REF:  A. 06 Sao Paulo 280  B. 08 Sao Paulo 129 
C. Sao Paulo 70 
 
SENSITIVE BUT UNCLASIFIED--PROTECT ACCORDINGLY 
 
1.  (U) Summary:  According to Brazilian labor economists, Brazil's 
outdated labor laws are inflexible and may result in companies 
laying off workers rather than preserving employment through 
negotiation in times of crisis.  Therefore, some laws enacted to 
protect workers' rights paradoxically cause unemployment and push 
people into the informal sector.  In addition, labor court 
interventions in large-scale layoffs may hamper a company's ability 
to follow even the rigid Brazilian labor laws and react adequately 
to the global financial crisis.  Economists suggest a liberalization 
of the law to allow temporary contract renegotiations and a 
permanent modification of the law to help small enterprises reduce 
the costs of hiring formal sector employees.  End Summary. 
 
A GAME WHERE EVERYONE LOSES 
- - - - - - - - - - - - - - 
 
2.  (U) Brazil's labor laws were established in the 1940's by then 
President/dictator Getulio Vargas.  Vargas established a corporatist 
system whose aim was capitalism tempered by social justice.  The 
major sectors of the economy were organized into major interest 
groups (a.k.a. - corporations) and representatives of these interest 
groups settled differences through negotiation and joint agreement 
(collective bargaining).  He established the labor collectives 
(unions) to represent workers, the Confederation of Industry (CNI) 
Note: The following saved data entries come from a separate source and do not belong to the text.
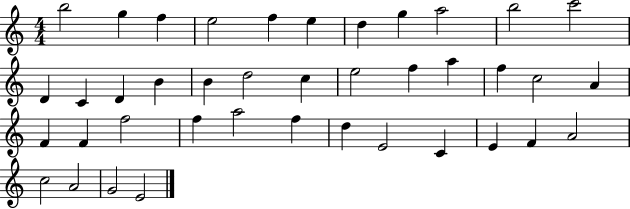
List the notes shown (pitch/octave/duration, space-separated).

B5/h G5/q F5/q E5/h F5/q E5/q D5/q G5/q A5/h B5/h C6/h D4/q C4/q D4/q B4/q B4/q D5/h C5/q E5/h F5/q A5/q F5/q C5/h A4/q F4/q F4/q F5/h F5/q A5/h F5/q D5/q E4/h C4/q E4/q F4/q A4/h C5/h A4/h G4/h E4/h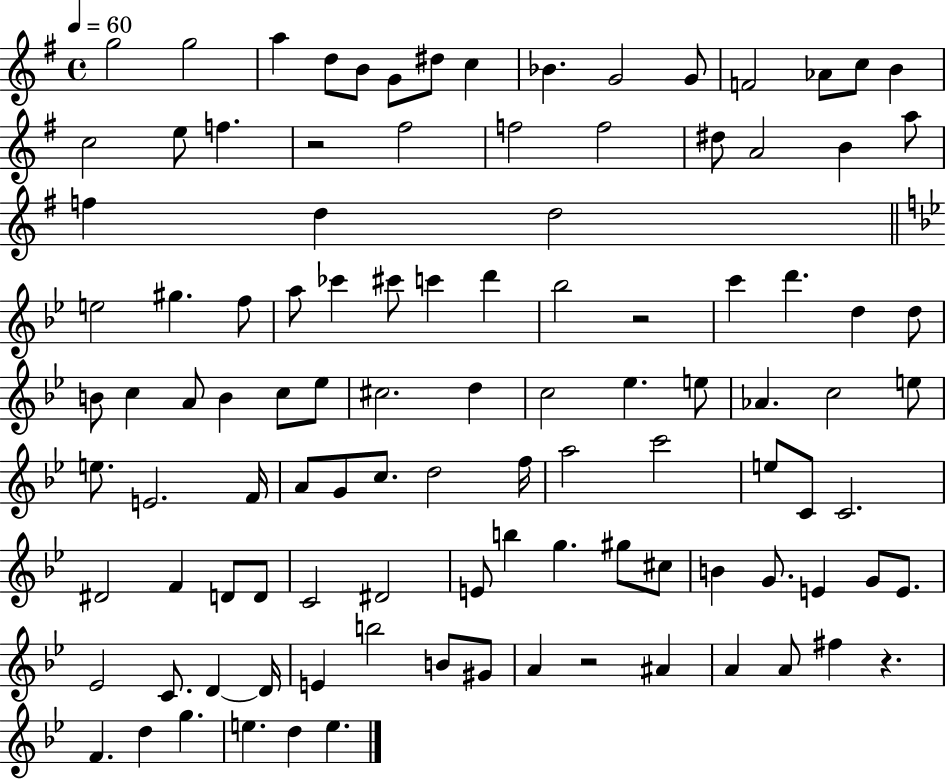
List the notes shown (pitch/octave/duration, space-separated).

G5/h G5/h A5/q D5/e B4/e G4/e D#5/e C5/q Bb4/q. G4/h G4/e F4/h Ab4/e C5/e B4/q C5/h E5/e F5/q. R/h F#5/h F5/h F5/h D#5/e A4/h B4/q A5/e F5/q D5/q D5/h E5/h G#5/q. F5/e A5/e CES6/q C#6/e C6/q D6/q Bb5/h R/h C6/q D6/q. D5/q D5/e B4/e C5/q A4/e B4/q C5/e Eb5/e C#5/h. D5/q C5/h Eb5/q. E5/e Ab4/q. C5/h E5/e E5/e. E4/h. F4/s A4/e G4/e C5/e. D5/h F5/s A5/h C6/h E5/e C4/e C4/h. D#4/h F4/q D4/e D4/e C4/h D#4/h E4/e B5/q G5/q. G#5/e C#5/e B4/q G4/e. E4/q G4/e E4/e. Eb4/h C4/e. D4/q D4/s E4/q B5/h B4/e G#4/e A4/q R/h A#4/q A4/q A4/e F#5/q R/q. F4/q. D5/q G5/q. E5/q. D5/q E5/q.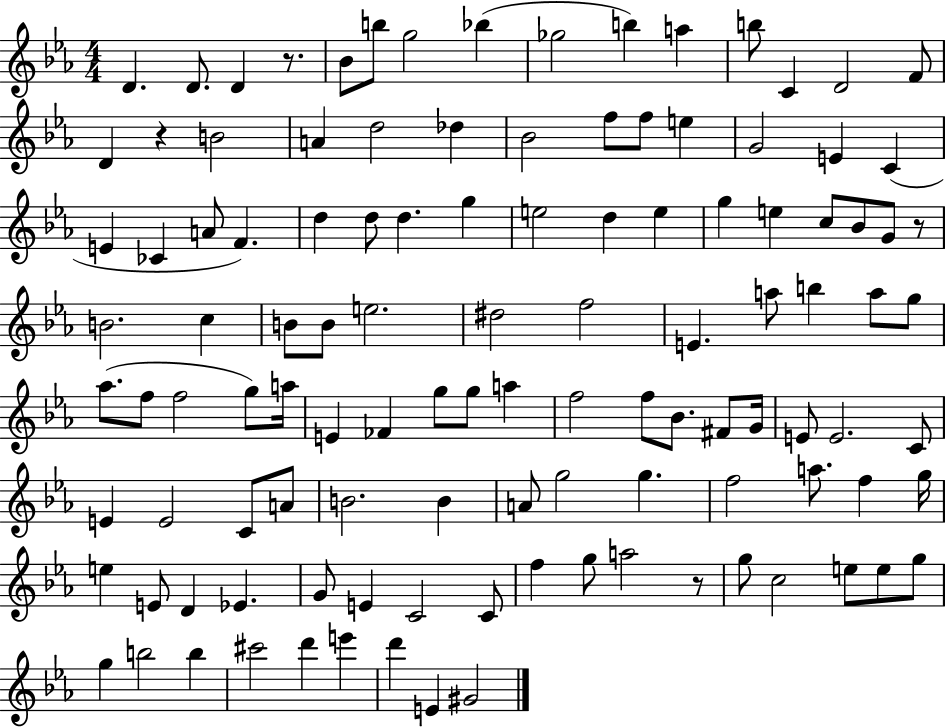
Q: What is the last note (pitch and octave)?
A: G#4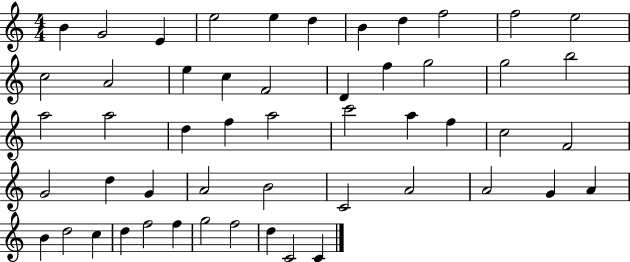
{
  \clef treble
  \numericTimeSignature
  \time 4/4
  \key c \major
  b'4 g'2 e'4 | e''2 e''4 d''4 | b'4 d''4 f''2 | f''2 e''2 | \break c''2 a'2 | e''4 c''4 f'2 | d'4 f''4 g''2 | g''2 b''2 | \break a''2 a''2 | d''4 f''4 a''2 | c'''2 a''4 f''4 | c''2 f'2 | \break g'2 d''4 g'4 | a'2 b'2 | c'2 a'2 | a'2 g'4 a'4 | \break b'4 d''2 c''4 | d''4 f''2 f''4 | g''2 f''2 | d''4 c'2 c'4 | \break \bar "|."
}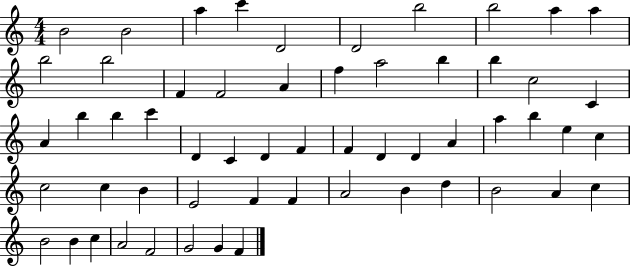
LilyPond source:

{
  \clef treble
  \numericTimeSignature
  \time 4/4
  \key c \major
  b'2 b'2 | a''4 c'''4 d'2 | d'2 b''2 | b''2 a''4 a''4 | \break b''2 b''2 | f'4 f'2 a'4 | f''4 a''2 b''4 | b''4 c''2 c'4 | \break a'4 b''4 b''4 c'''4 | d'4 c'4 d'4 f'4 | f'4 d'4 d'4 a'4 | a''4 b''4 e''4 c''4 | \break c''2 c''4 b'4 | e'2 f'4 f'4 | a'2 b'4 d''4 | b'2 a'4 c''4 | \break b'2 b'4 c''4 | a'2 f'2 | g'2 g'4 f'4 | \bar "|."
}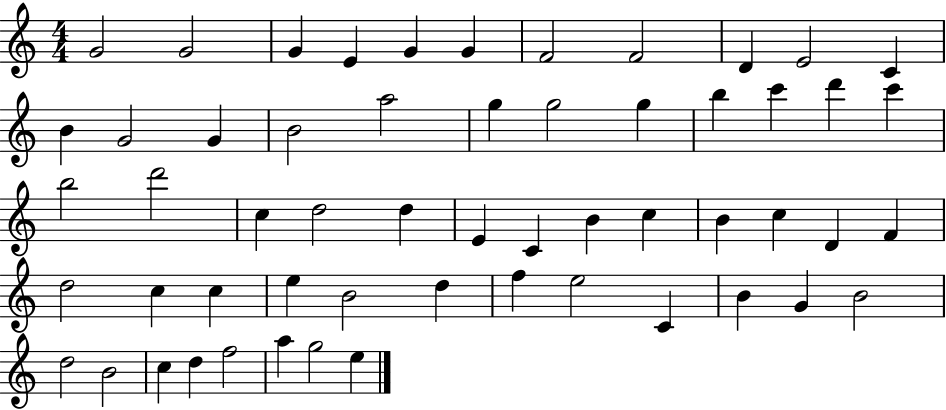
{
  \clef treble
  \numericTimeSignature
  \time 4/4
  \key c \major
  g'2 g'2 | g'4 e'4 g'4 g'4 | f'2 f'2 | d'4 e'2 c'4 | \break b'4 g'2 g'4 | b'2 a''2 | g''4 g''2 g''4 | b''4 c'''4 d'''4 c'''4 | \break b''2 d'''2 | c''4 d''2 d''4 | e'4 c'4 b'4 c''4 | b'4 c''4 d'4 f'4 | \break d''2 c''4 c''4 | e''4 b'2 d''4 | f''4 e''2 c'4 | b'4 g'4 b'2 | \break d''2 b'2 | c''4 d''4 f''2 | a''4 g''2 e''4 | \bar "|."
}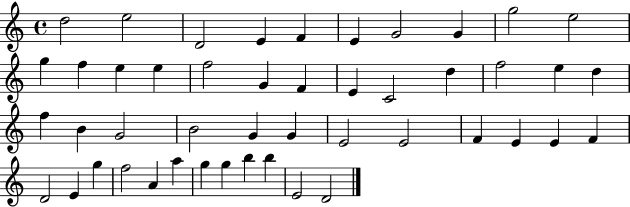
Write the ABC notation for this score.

X:1
T:Untitled
M:4/4
L:1/4
K:C
d2 e2 D2 E F E G2 G g2 e2 g f e e f2 G F E C2 d f2 e d f B G2 B2 G G E2 E2 F E E F D2 E g f2 A a g g b b E2 D2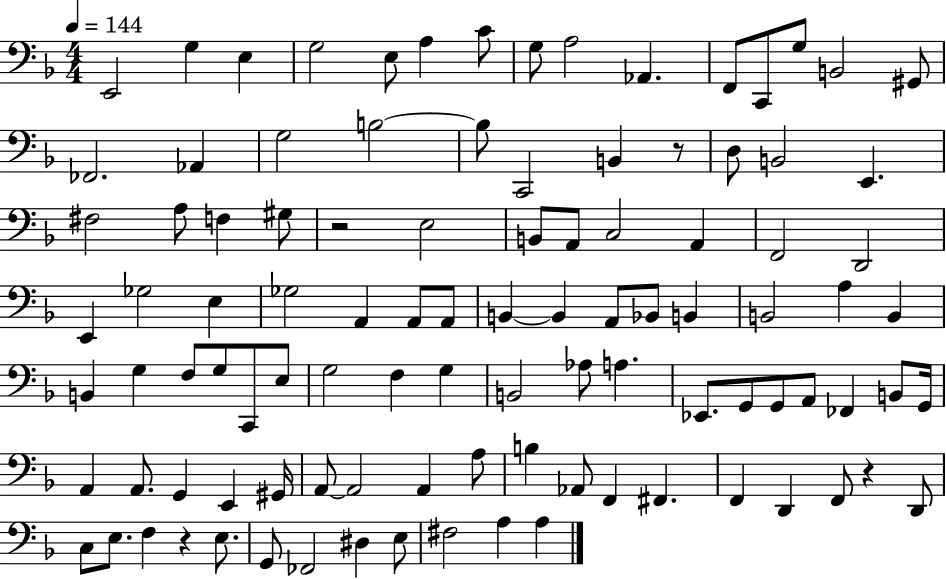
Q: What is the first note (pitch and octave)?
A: E2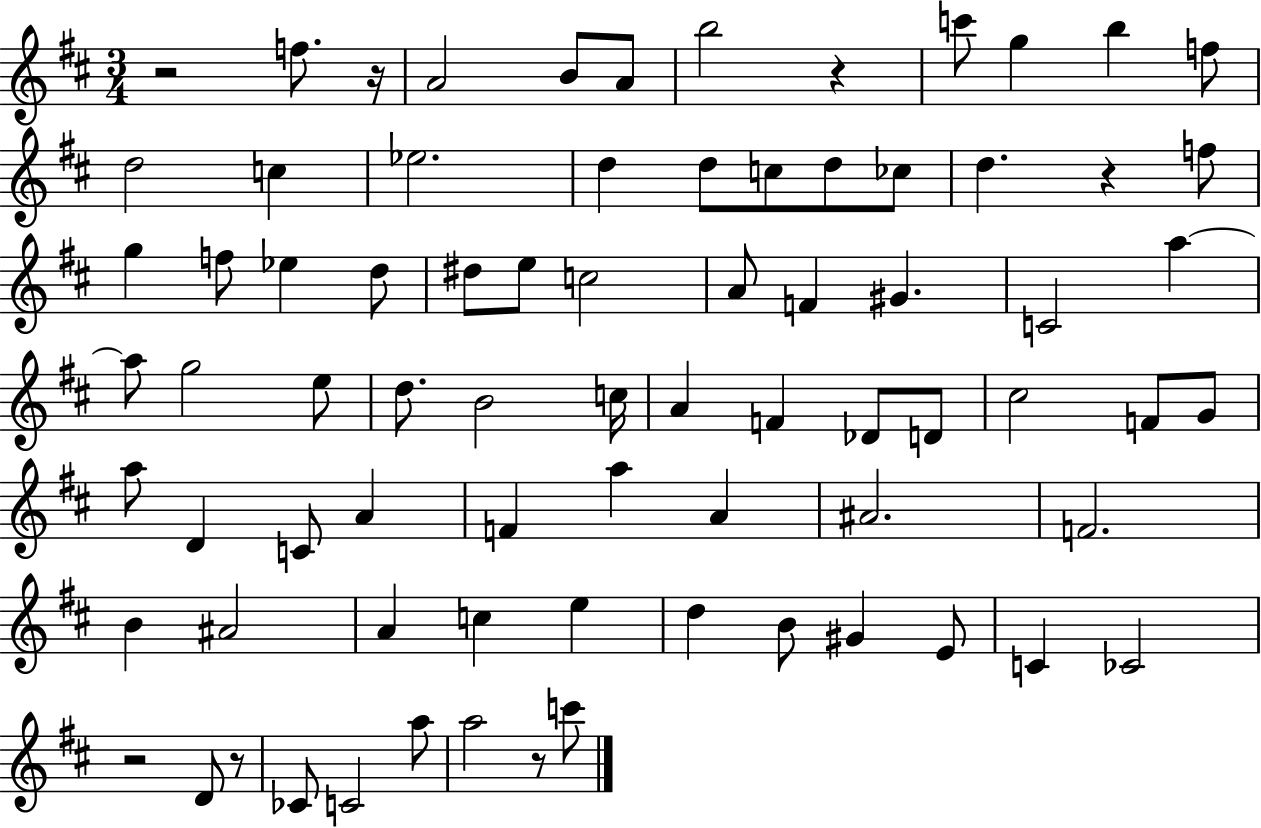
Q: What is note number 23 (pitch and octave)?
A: D5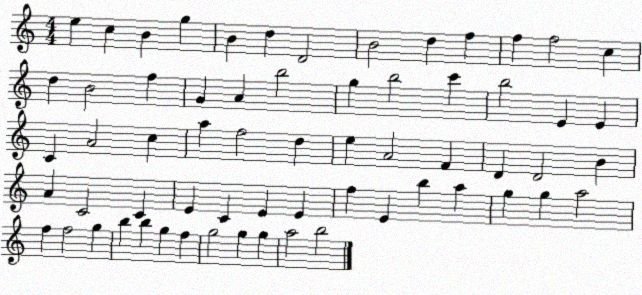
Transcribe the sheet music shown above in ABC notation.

X:1
T:Untitled
M:4/4
L:1/4
K:C
e c B g B d D2 B2 d f f f2 c d B2 f G A b2 g b2 c' b2 E E C A2 c a f2 d e A2 F D D2 B A C2 C E C E E f E b a g g a2 f f2 g b b g f g2 g g a2 b2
to represent business owners, and incorporated strict protections 
for workers into the Brazilian Constitution.  Because workers' 
rights are embedded into the Constitution, any changes that could be 
interpreted as a reduction of workers' rights require constitutional 
amendment and are fraught with political delay and logrolling 
(Reftels A and B). 
 
3.  (U) The Brazilian Constitution defines a full time work week as 
an eight hour day with a maximum of 44 hours of work throughout the 
week (many laborers work half a day on Saturdays).  With the 
economic downturn, the Federation of Industry of Sao Paulo (FIESP) 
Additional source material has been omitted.